Les forces de sécurité ont verrouillé Nairobi. Des dizaines de militants ont été arrêtés ce mardi. La commémoration du 7 juillet a tourné court. Les autorités redoutaient des débordements.

La police kényane a déployé un dispositif impressionnant. Des blindés et des unités anti-émeutes quadrillaient la capitale. Plusieurs artères principales ont été bouclées dès l’aube. Les accès au centre-ville étaient totalement coupés. Le mouvement Economic Justice Movement appelait à manifester.

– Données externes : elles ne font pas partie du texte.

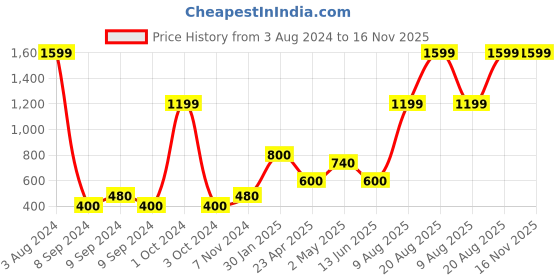 ajio.com home expressions usa Single Size Cotton 144 TC Fitted Sheet with 1 Pillow Cover home expressions usa Price History Graph from 3 Aug 2024 to 16 Nov 2025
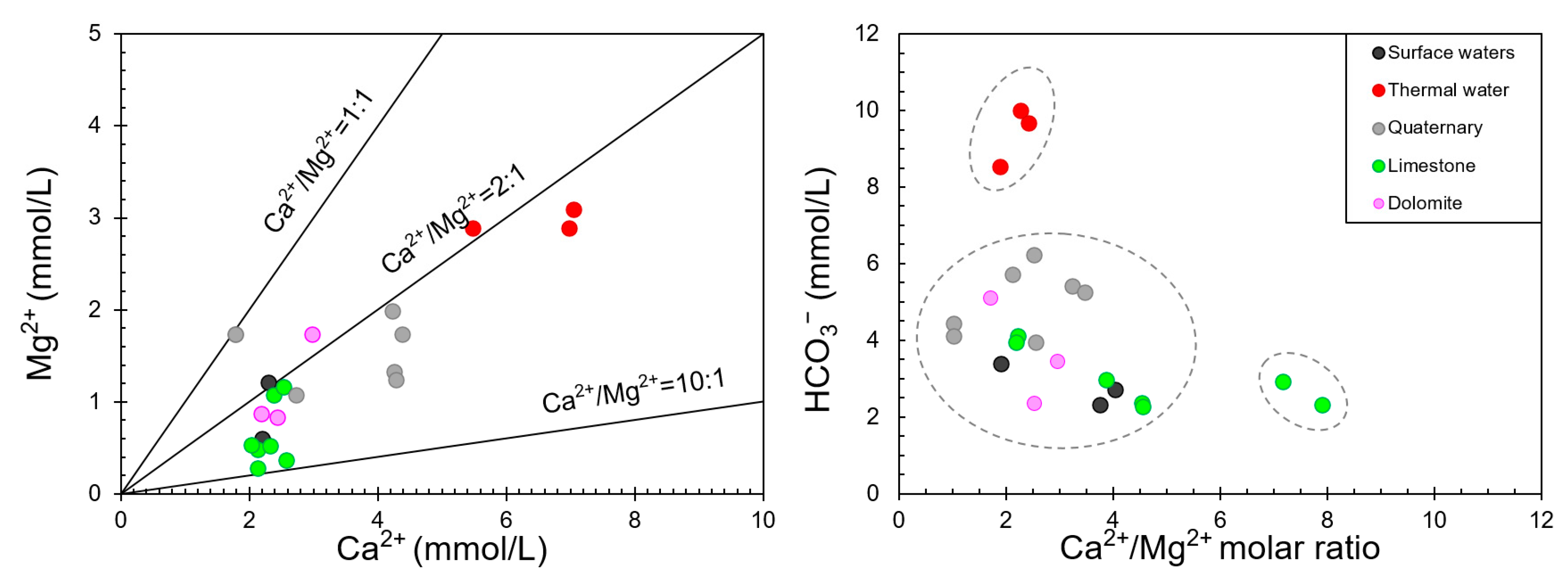Water 12 01427 g008 Water 12 01427 g008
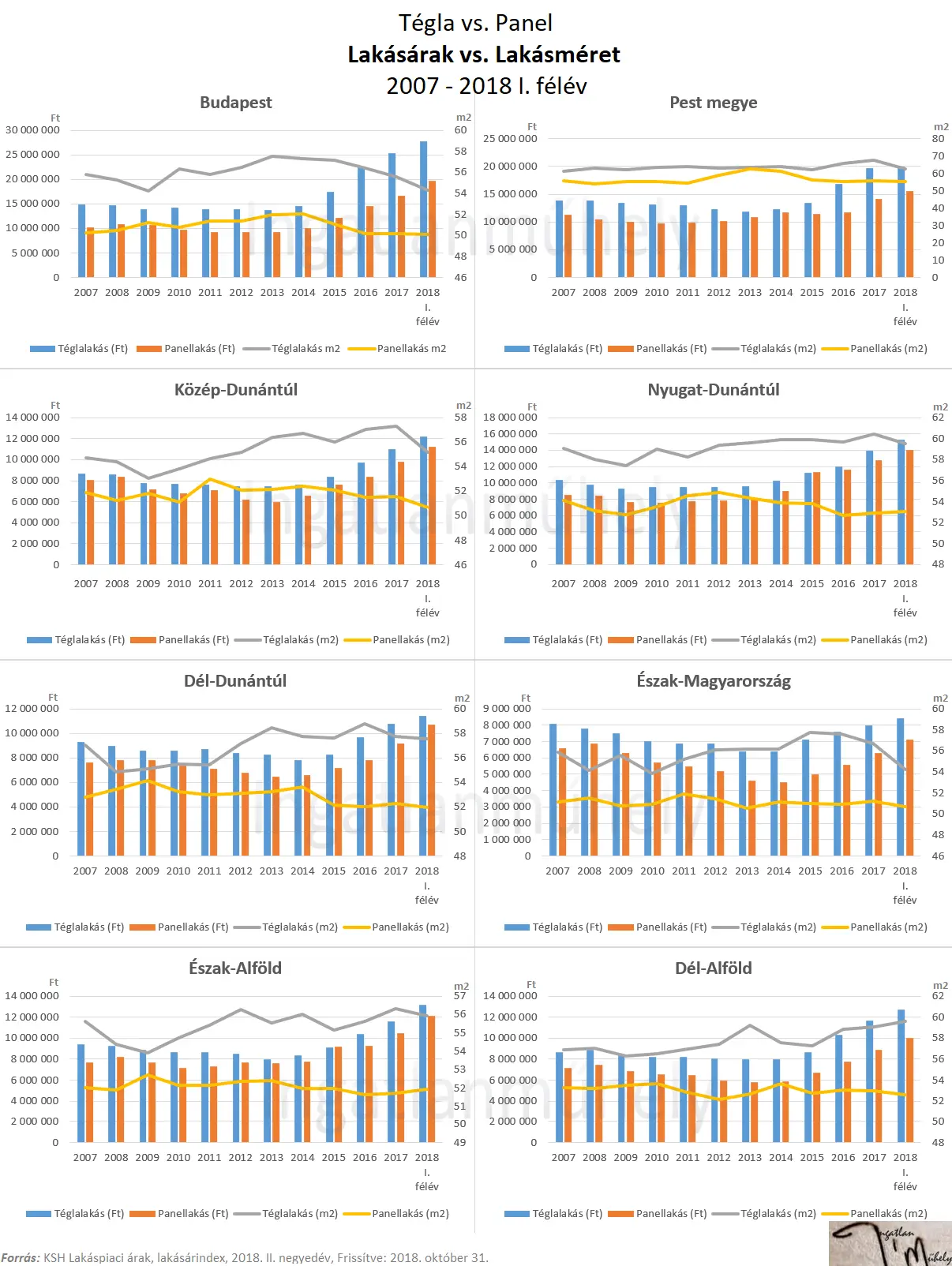 Tégla vs. Panel - Lakásárak vs. Lakárméret 2007-2018 II. negyedév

Les militants dénoncent la vie chère et les violences policières.

Un symbole historique toujours vivace

La date du 7 juillet reste hautement symbolique. En 1990, les Kényans descendaient dans la rue. Ils exigeaient alors le retour du multipartisme. Le régime de Daniel Arap Moi avait cédé. Aujourd’hui, Saba Saba incarne la contestation populaire. Chaque année, ce jour ranime les tensions. Les manifestants visent désormais le gouvernement Ruto. William Ruto est régulièrement critiqué pour sa gestion. La hausse des prix et les impôts suscitent la colère. L’opposition dénonce un recul démocratique inquiétant.

Arrestations massives et appels à la retenue

Les policiers ont dispersé les premiers rassemblements. Certains manifestants ont été embarqués de force. Des figures de la société civile figurent parmi les interpellés. « Pourquoi autant de moyens militaires ? » s’est insurgé Collins Otieno. Il rappelle que la Constitution garantit la liberté d’expression. Des organisations de défense des droits s’alarment. Amnesty International a condamné les arrestations massives. Human Rights Watch évoque des disparitions forcées. Plusieurs activistes auraient été enlevés ces derniers mois. James Orengo, gouverneur de Siaya, a haussé le ton. Cet avocat réputé fustige les atteintes aux libertés. Il estime que l’État utilise la force illégitimement. « Le droit de manifester est sacré », a-t-il martelé.

La police justifie ce déploiement par l’ordre public. Un porte-parole a évoqué des risques d’infiltration. Des check-points fonctionnaient sur tous les grands axes. Cette journée a finalement tourné à l’affrontement. Des heurts ont éclaté en périphérie de Nairobi. La police a utilisé des gaz lacrymogènes. Des jeunes ont lancé des pierres en réponse. Le bilan humain reste encore provisoire. Le débat sur la démocratie kényane est relancé. La pression sur le pouvoir ne faiblit pas. Alors que la nuit est tombée, le calme est revenu.

Mais la colère souterraine demeure bien présente. Les arrestations pourraient radicaliser les contestataires. Le Kenya, bastion démocratique régional, est sur la sellette. L’équilibre entre sécurité et libertés reste fragile.